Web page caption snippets
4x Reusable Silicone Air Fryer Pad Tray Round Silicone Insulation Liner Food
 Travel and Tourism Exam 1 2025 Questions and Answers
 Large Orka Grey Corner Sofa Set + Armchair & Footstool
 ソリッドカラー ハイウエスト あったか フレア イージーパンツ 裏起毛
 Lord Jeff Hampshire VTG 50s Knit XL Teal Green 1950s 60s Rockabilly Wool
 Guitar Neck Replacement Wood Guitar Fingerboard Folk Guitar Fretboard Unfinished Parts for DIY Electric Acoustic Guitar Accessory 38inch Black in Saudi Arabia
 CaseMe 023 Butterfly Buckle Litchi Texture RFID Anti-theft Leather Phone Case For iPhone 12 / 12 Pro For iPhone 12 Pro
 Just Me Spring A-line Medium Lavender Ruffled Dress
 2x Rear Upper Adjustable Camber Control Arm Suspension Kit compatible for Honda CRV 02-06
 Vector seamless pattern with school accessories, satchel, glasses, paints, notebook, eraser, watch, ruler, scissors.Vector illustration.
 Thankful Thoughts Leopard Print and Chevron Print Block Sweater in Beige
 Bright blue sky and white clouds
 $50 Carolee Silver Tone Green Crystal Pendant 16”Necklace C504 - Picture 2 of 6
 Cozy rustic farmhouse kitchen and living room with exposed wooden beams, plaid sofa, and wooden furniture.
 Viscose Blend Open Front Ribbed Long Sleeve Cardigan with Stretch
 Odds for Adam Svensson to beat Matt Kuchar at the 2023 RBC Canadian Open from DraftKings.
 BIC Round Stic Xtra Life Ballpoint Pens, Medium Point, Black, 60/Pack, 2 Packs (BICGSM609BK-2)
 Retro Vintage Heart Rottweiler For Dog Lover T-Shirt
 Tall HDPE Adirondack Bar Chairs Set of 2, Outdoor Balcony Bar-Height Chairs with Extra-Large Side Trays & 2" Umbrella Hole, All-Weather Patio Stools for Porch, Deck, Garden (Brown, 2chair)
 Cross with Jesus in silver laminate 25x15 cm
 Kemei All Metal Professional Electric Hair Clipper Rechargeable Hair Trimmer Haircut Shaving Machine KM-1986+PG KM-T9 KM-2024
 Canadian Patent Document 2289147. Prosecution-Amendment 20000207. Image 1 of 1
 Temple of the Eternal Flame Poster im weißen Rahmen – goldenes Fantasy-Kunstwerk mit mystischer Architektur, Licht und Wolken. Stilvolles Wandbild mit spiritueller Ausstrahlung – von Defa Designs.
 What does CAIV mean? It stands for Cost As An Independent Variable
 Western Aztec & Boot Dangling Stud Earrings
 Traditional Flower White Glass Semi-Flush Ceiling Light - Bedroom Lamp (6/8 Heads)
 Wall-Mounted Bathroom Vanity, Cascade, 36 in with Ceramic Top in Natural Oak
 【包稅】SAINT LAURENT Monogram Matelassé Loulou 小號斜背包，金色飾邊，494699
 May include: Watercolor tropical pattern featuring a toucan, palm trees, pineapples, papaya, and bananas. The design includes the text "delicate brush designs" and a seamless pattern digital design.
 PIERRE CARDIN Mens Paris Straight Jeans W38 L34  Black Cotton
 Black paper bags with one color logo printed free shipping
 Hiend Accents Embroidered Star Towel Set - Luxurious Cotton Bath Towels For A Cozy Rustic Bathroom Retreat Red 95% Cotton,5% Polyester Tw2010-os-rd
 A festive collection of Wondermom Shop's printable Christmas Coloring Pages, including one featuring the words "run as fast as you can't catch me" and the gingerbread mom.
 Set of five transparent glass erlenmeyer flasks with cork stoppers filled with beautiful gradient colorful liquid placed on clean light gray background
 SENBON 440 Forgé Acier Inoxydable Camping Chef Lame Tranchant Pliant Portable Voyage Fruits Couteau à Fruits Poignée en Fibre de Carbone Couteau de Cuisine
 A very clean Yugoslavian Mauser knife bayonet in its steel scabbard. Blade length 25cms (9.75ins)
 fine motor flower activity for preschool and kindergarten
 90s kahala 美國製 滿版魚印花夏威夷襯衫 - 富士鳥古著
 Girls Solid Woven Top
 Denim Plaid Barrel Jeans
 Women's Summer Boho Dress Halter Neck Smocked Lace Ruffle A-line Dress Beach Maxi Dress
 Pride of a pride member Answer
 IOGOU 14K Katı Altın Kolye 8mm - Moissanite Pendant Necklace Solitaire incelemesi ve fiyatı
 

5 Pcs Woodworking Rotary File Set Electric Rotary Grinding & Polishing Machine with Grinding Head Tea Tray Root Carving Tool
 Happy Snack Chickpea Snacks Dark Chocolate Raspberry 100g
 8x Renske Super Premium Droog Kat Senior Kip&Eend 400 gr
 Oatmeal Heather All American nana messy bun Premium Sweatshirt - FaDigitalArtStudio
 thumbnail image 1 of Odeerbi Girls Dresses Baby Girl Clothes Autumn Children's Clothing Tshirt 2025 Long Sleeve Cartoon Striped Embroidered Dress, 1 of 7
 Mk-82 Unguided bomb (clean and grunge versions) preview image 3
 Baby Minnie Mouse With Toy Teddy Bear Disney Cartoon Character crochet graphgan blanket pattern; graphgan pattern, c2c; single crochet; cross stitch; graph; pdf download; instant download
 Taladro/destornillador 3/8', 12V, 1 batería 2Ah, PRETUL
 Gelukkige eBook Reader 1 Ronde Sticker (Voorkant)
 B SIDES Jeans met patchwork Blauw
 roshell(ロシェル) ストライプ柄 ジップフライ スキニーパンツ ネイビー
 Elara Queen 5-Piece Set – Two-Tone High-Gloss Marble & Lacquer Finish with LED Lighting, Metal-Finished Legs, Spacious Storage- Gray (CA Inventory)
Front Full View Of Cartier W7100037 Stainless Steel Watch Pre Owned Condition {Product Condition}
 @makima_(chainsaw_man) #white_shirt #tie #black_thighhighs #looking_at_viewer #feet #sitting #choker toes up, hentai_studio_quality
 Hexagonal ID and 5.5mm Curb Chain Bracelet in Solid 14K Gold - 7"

§ Your instructions:
Filter the lines above so that only those with the string "Green" remain, then copy them.

§ Output:
 Lord Jeff Hampshire VTG 50s Knit XL Teal Green 1950s 60s Rockabilly Wool
 $50 Carolee Silver Tone Green Crystal Pendant 16”Necklace C504 - Picture 2 of 6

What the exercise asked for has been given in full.